Actually just got back twice as we had to race back to the cinema as the wife left her bag & phone there!

It's about 2-30hrs but with trailers etc it'll be a 3 hour sit down.

Can't decide if I prefer the 1st? I think the 1st was best.


----------



## col85 (Jan 28, 2009)

going the IMAX on sunday

theres only one way to see this film

and its on a 7 storey high screen


----------



## deanchilds (Dec 11, 2007)

Was great! Going again tomorrow!


----------



## RP84 (Sep 3, 2007)

I watched it today, truly amazing film


----------



## Griffy (Feb 19, 2006)

col85 said:


> going the IMAX on sunday
> 
> theres only one way to see this film
> 
> and its on a 7 storey high screen


After seeing it this evening i can safely say without any shadow of a doubt that i want to see it again and this time at an Imax cinema too.... it is an absolutely awesome movie :thumb:


----------



## SPECKY (Sep 3, 2008)

I'm in USA at the mo and got some free time tomoz so might go and watch !!!!!


----------



## legend_of_chaos (May 12, 2007)

I'm going to watch it at the imax in birmingham next weekend, can't wait


----------



## alan hanson (May 21, 2008)

i think the 1st was better though the bots were awesome. megs **** at the start had me running for the toilet


----------



## deanchilds (Dec 11, 2007)

just booked it again tonight!


----------



## Griffy (Feb 19, 2006)

deanchilds said:


> just booked it again tonight!


Good man


----------



## deanchilds (Dec 11, 2007)

Griffy said:


> Good man


Thanks! In IMAX so will be even better!

I just cant get the film out my head, I want to see so many bits again as they were awesome! Ive even been digging my cartoons out and ordered the ps3 games!


----------



## ardandy (Aug 18, 2006)

Optimus kicks **** (especially in the first bit for those who have seen it!).

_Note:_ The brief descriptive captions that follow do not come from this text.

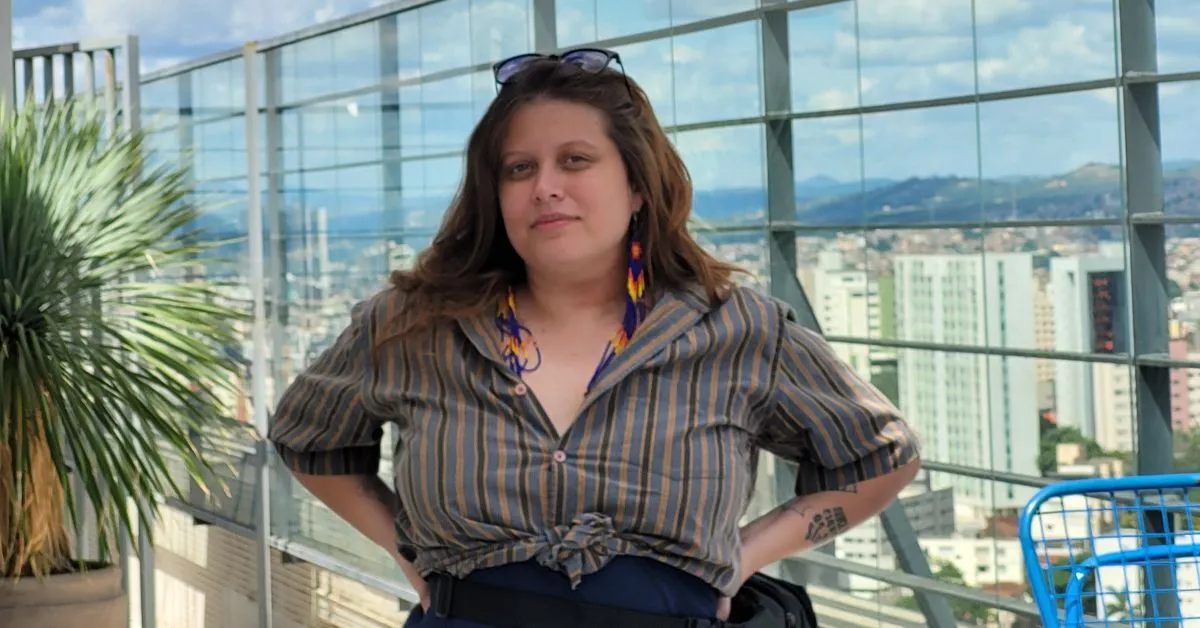 Rebeca B. Dias, autora de "Escrever a correnteza e ver onde dá"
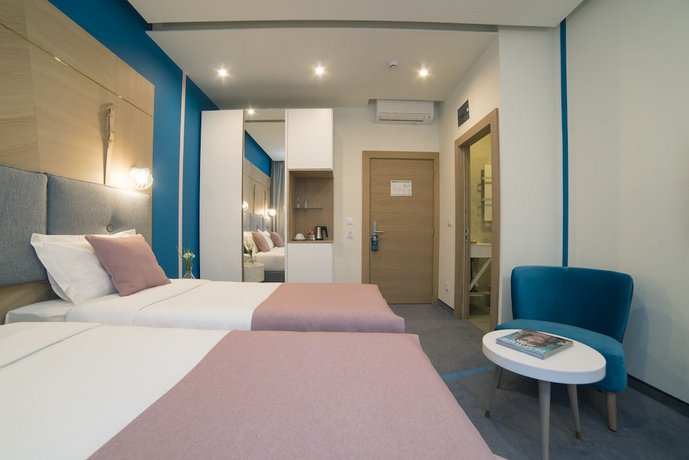 City Nest Modern & Cozy Suites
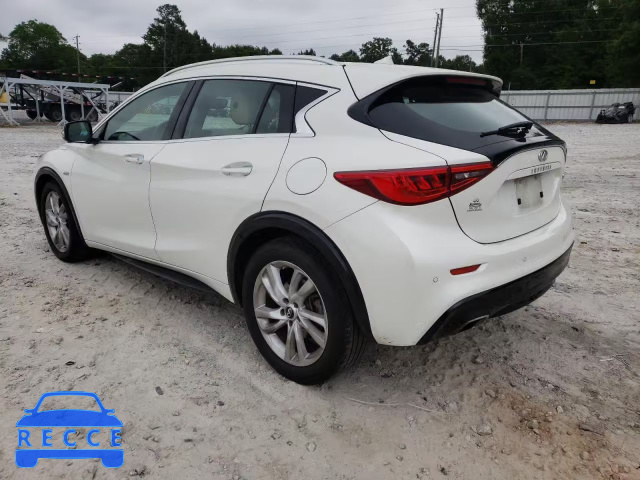 2019 INFINITI QX30 PURE SJKCH5CP2KA010566 Bild 2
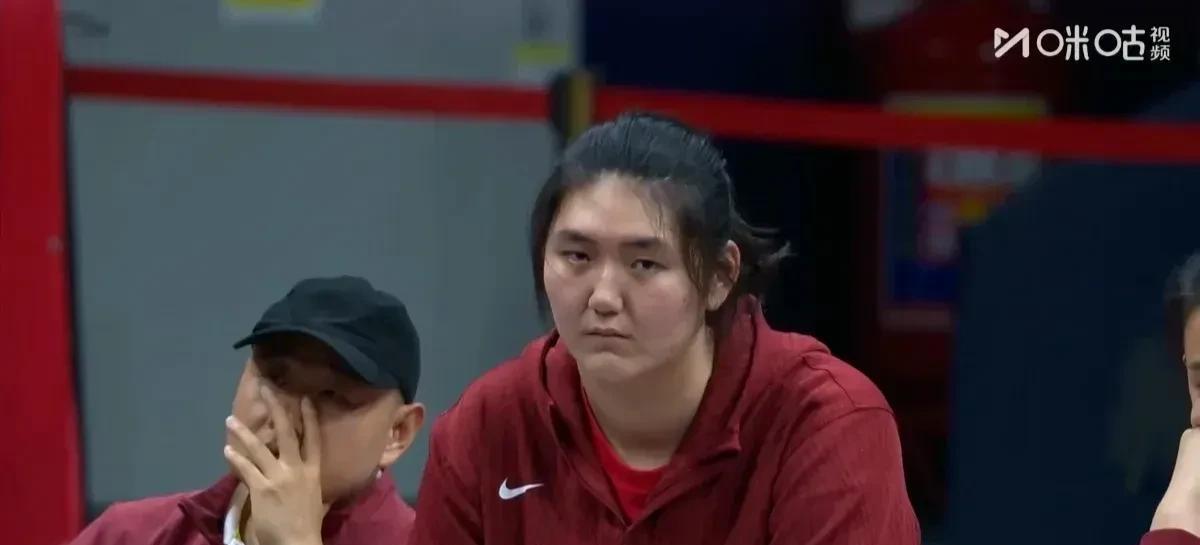 中国女篮63:76完败澳大利亚二队暴露的问题尽管澳大利亚6个主力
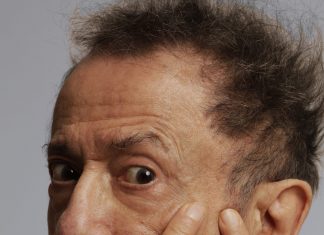 Tom Zé sopra ‘Clarins da coragem’ ao perfilar Brasil ‘que até hoje não há’ em álbum com trilha de teatro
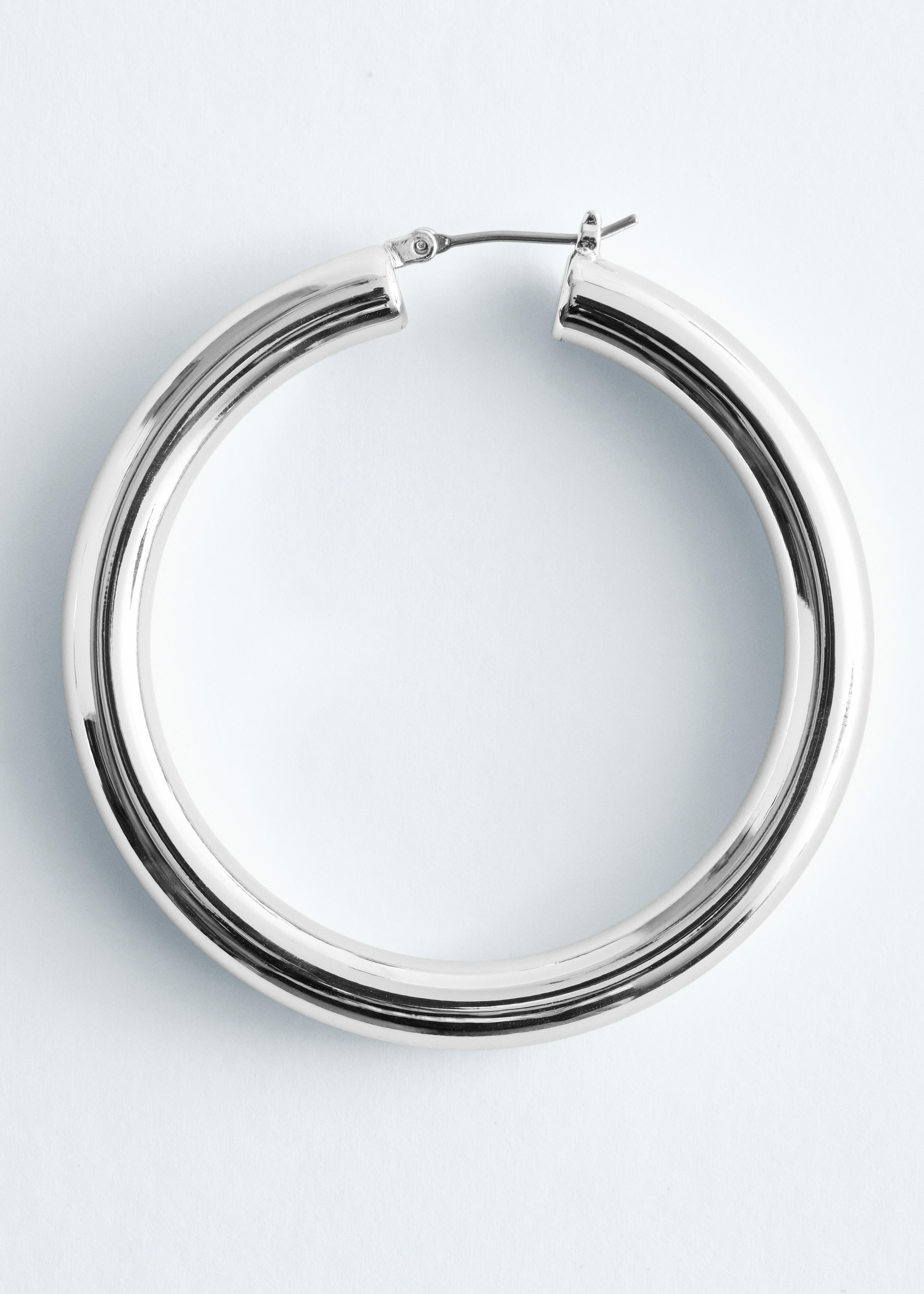 앤아더스토리즈 청키 후프 이어링의 실버컬러 Product입니다.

Missus got quite emotional then!


----------



## ianFRST (Sep 19, 2006)

what a brilliant film :d

theres some really funny bits in it too


----------



## mouthyman (May 1, 2006)

saw it yesterday and thought it was great, and megan fox look even better than the first one:argie:


----------



## deanchilds (Dec 11, 2007)

I went to the premiere on monday, not to see the film just the cast. Got Shia and Mr Bays Autographs, sadly Megan didnt want to sign for me. I was a few inchs away from she looked lush!


----------



## giblet (Feb 26, 2008)

Went to see it on thursday night/friday morning. Cinema was packed for the 1min past midnight showing. Awesome film. Insane amounts of action, some ****ing badass fight scenes. Optimus prime is one hard mofo! Yes the fight scenes did get hard to follow at points since there was so much going on but it was just awesome.

I still prefer the first tbh, but the second is awesome. Will def be seeing it at an imax at some point soon. Good soundtrack too


----------



## Exotica (Feb 27, 2006)

Amazing effects again but the first one is just a little better.


----------